In the summer of 2014, students working in the Lab came up with the idea of a product called Legal Stats, which would use data from North Carolina’s Administrative Office of the Courts as the foundation for a tool that would help users decide their best economic option after receiving a traffic ticket. By all accounts, the prototype they pitched at American Underground that August was both desirable and viable. Over the next year, it went on to win at least $7,000 in campus-wide entrepreneurship competitions.
But one of the challenges that we ran into was the idea’s feasibility: the data was not always clean or clear; the legal process seemed filled with loopholes and rare but important conditions to consider; and we didn’t know how to pull off the analysis with sufficient statistical validity.
That’s why the advice of News & Observer database editor David Raynor was so vital to the next step of the plan. He’s a reporter who has used the database to develop stories that had to be accurate and relevant to meet the paper’s publication standards, and he’s helped provide some valuable insights as we’ve continued to develop the product this summer under the lead of UNC statistics majors Ishan Shah and Katherine Wang. Along the way to developing the statistics for the product, they’ve come across some interesting potential story ideas about the justice system in the state as well as the ability to quickly localize their insights for any small community.
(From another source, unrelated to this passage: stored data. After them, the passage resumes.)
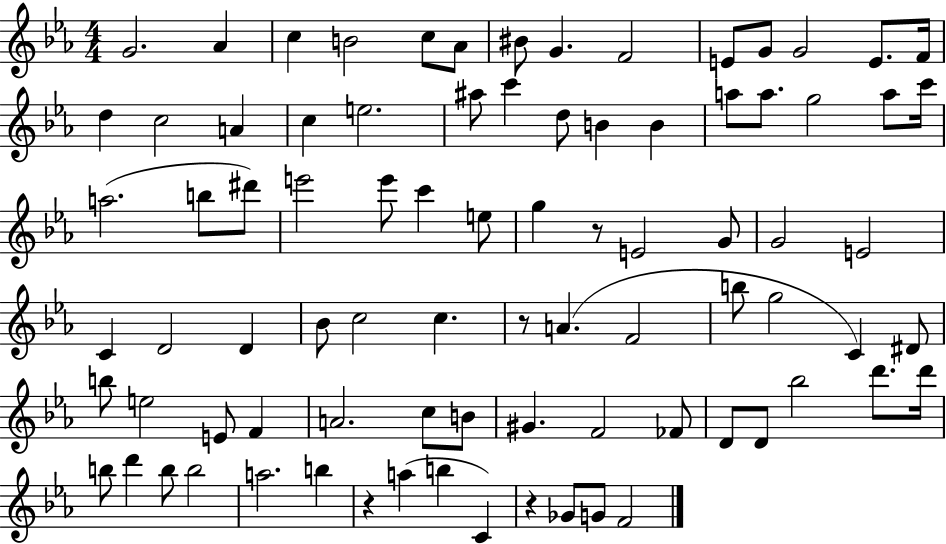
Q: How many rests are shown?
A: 4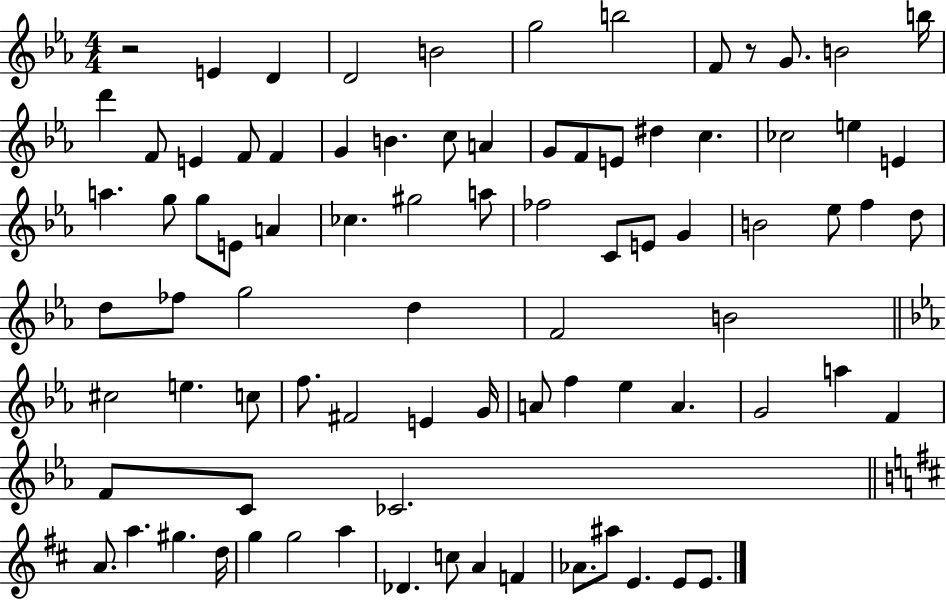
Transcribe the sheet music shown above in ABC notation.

X:1
T:Untitled
M:4/4
L:1/4
K:Eb
z2 E D D2 B2 g2 b2 F/2 z/2 G/2 B2 b/4 d' F/2 E F/2 F G B c/2 A G/2 F/2 E/2 ^d c _c2 e E a g/2 g/2 E/2 A _c ^g2 a/2 _f2 C/2 E/2 G B2 _e/2 f d/2 d/2 _f/2 g2 d F2 B2 ^c2 e c/2 f/2 ^F2 E G/4 A/2 f _e A G2 a F F/2 C/2 _C2 A/2 a ^g d/4 g g2 a _D c/2 A F _A/2 ^a/2 E E/2 E/2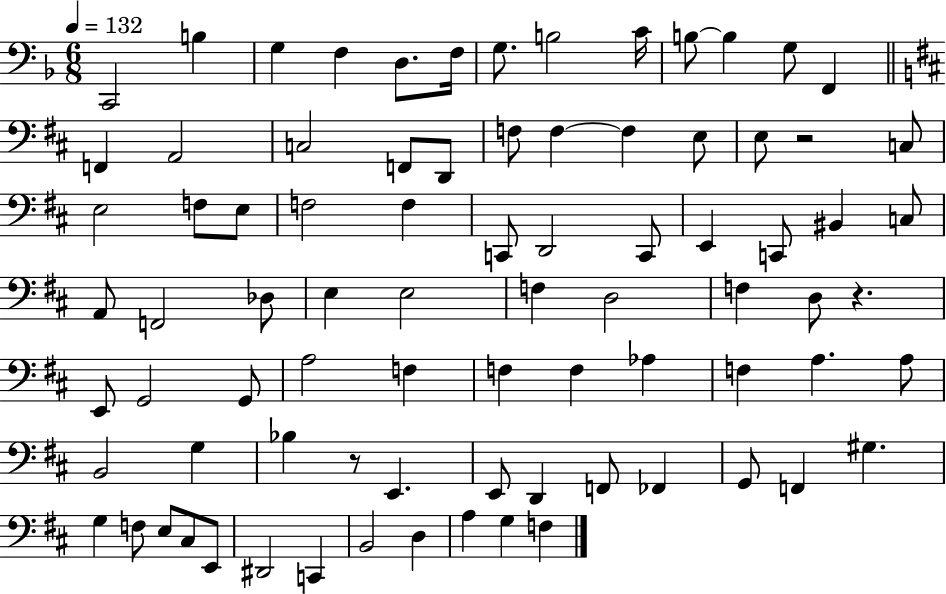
C2/h B3/q G3/q F3/q D3/e. F3/s G3/e. B3/h C4/s B3/e B3/q G3/e F2/q F2/q A2/h C3/h F2/e D2/e F3/e F3/q F3/q E3/e E3/e R/h C3/e E3/h F3/e E3/e F3/h F3/q C2/e D2/h C2/e E2/q C2/e BIS2/q C3/e A2/e F2/h Db3/e E3/q E3/h F3/q D3/h F3/q D3/e R/q. E2/e G2/h G2/e A3/h F3/q F3/q F3/q Ab3/q F3/q A3/q. A3/e B2/h G3/q Bb3/q R/e E2/q. E2/e D2/q F2/e FES2/q G2/e F2/q G#3/q. G3/q F3/e E3/e C#3/e E2/e D#2/h C2/q B2/h D3/q A3/q G3/q F3/q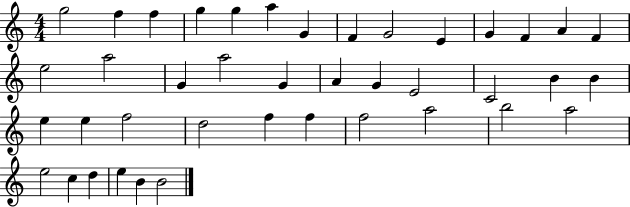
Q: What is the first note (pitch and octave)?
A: G5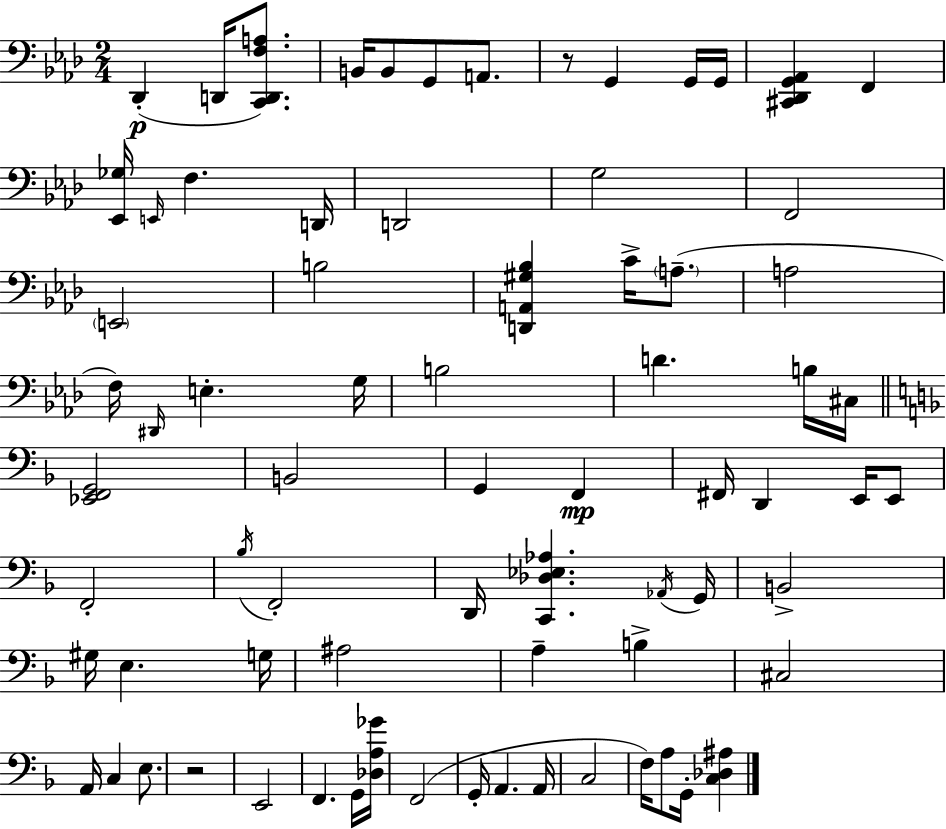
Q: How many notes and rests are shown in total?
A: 74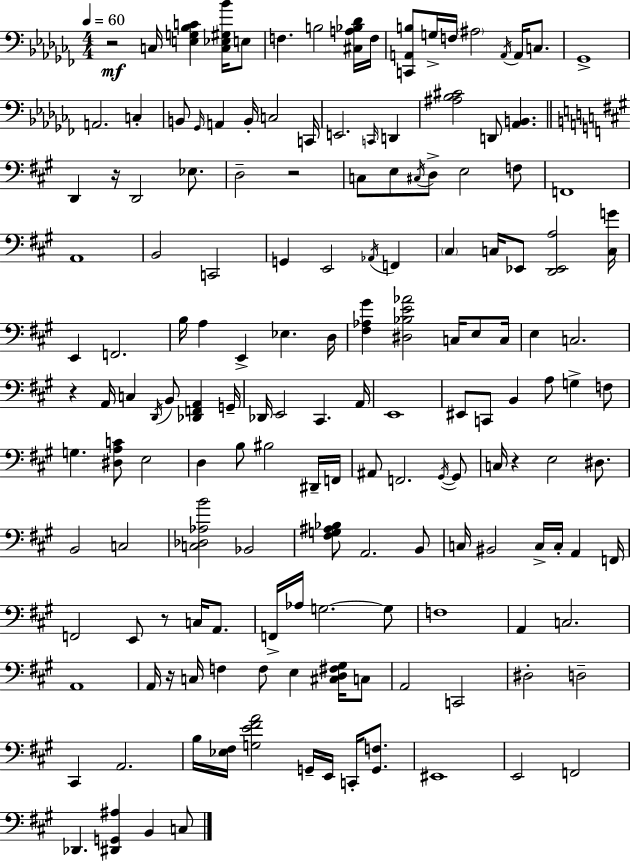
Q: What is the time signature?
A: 4/4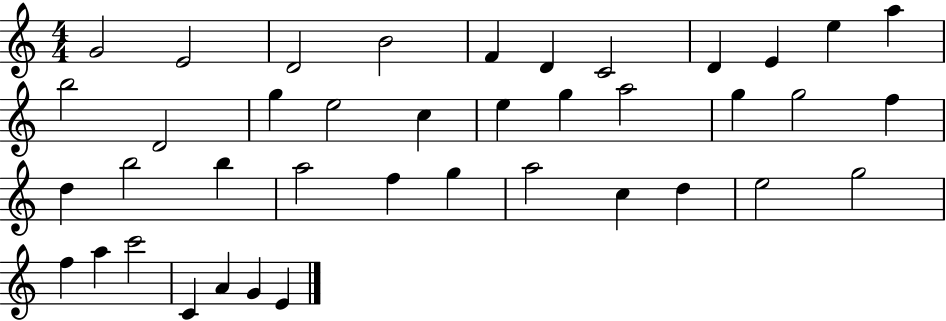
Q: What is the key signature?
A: C major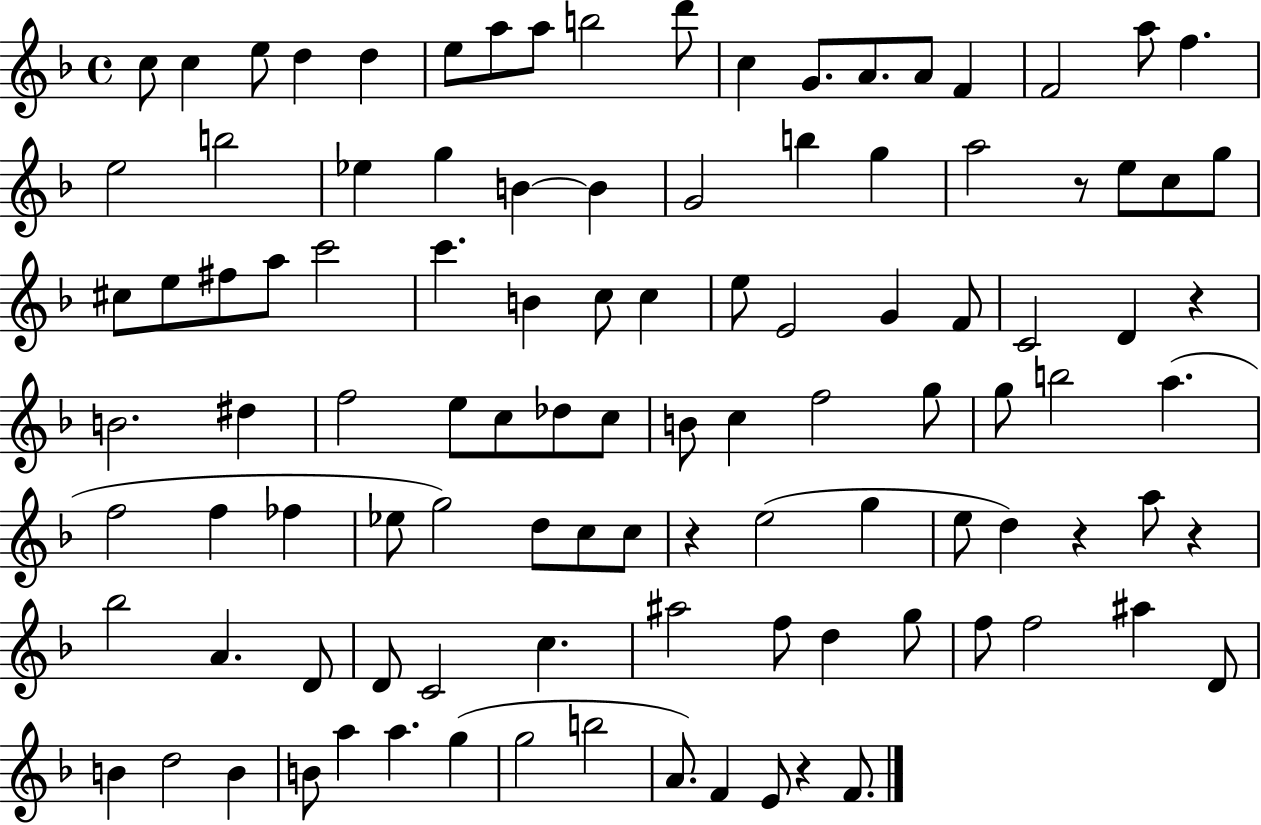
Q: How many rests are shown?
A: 6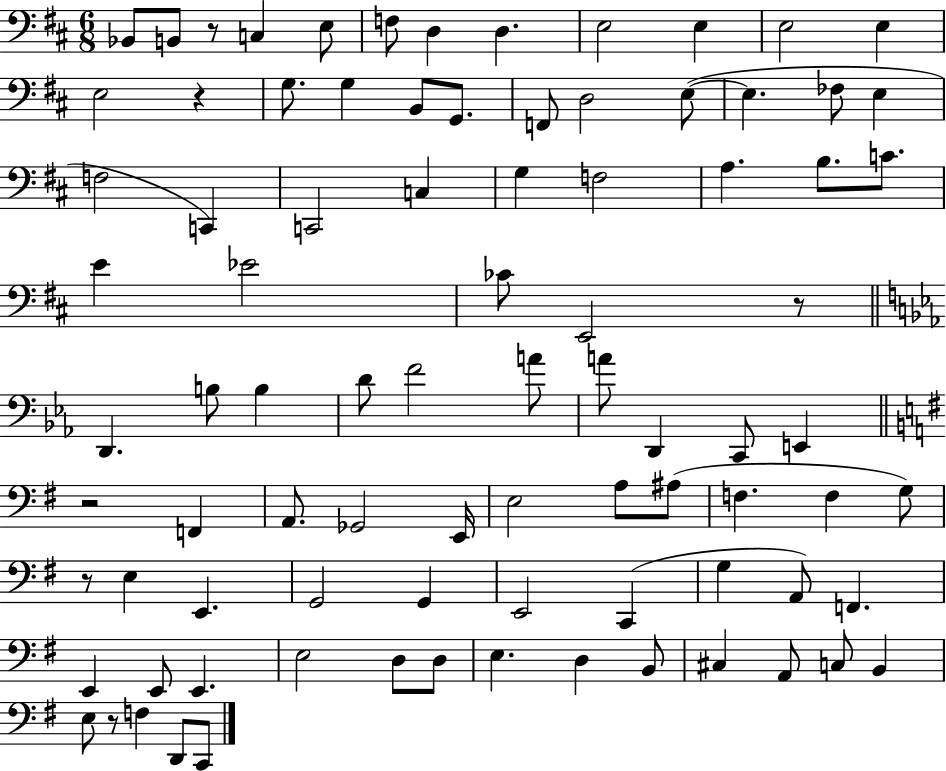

Similarly, Scott Smith, a statistics master’s degree student, is working with Iain Carmichael, a doctoral candidate in statistics, to analyze voting records and election results in North Carolina. Ultimately, we hope their work yields both a product or products that consumers find desirable enough to generate revenue as well as a tool that lowers the cost of explanatory and accountability reporting for journalists.
Soon we will be posting a job opening for a data scientist to come work with us in the Lab to help us automate and productize the reporting process in an effort to reduce the waste that has historically been inherent with great investigative journalism that has tremendous public benefit.
The kind of automation I expect we’ll be able to achieve is probably more likely to be along the lines of lead generation for investigative work, but it may also be automated and personalized content generation for more standard event-driven daily watchdog reporting.
On the product development side, data — including better data about audiences — can help get the right information to the right people at the right time. But it also might yield entirely new services or experiences beyond the traditional news report.
If we can show that that data plays an important role as both a cost-savings and revenue-generating strategy, then we’ll be able to teach the method to local news organizations that desperately need a viable business model in order to serve their communities.